Home - LLNL-Collaboration/uiuc2015 GitHub Wiki

Goal

In this project we will explore technologies and prototype solutions that allow users to discover, interact, and manipulate data generated by running simulations on a secure High Performance Computing (HPC) infrastructure. Solving this problem involves creating the following capabilities:

A library that allows a simulation code to publish data to the HPC infrastructure in a secure way
A brokering service built into Lorenz (LLNL's web-based HPC dashboard) that enables users to choose amongst data sources
Front-end services in Lorenz for visualizing the list of all running data servicing applications and visualizing the data streams serviced from each of these applications

The overall goal is how to enable two machines to talk with a connection restricted to a particular user.

The core requirement here is that we must do this securely!

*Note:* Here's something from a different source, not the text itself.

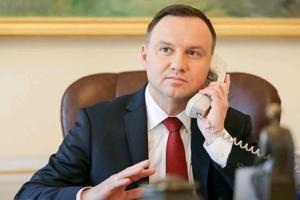 Российские пранкеры позвонили Дуде и выдали себя за Макрона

Accordingly, in our suggested project ideas below, we advocate starting with prototypes that lack security in order to get an intuition as to how the three pieces above should connect together, then analyze and work towards securing the infrastructure.

Approach

It will useful for the UIUC team members to develop on their laptops or shared system(s) so that they can explore security vulnerabilities freely and explore solutions without being limited by Livermore computing requirements. As we build prototypes, we can begin to deploy them to LLNL resources and try them at scale and in realistic environments.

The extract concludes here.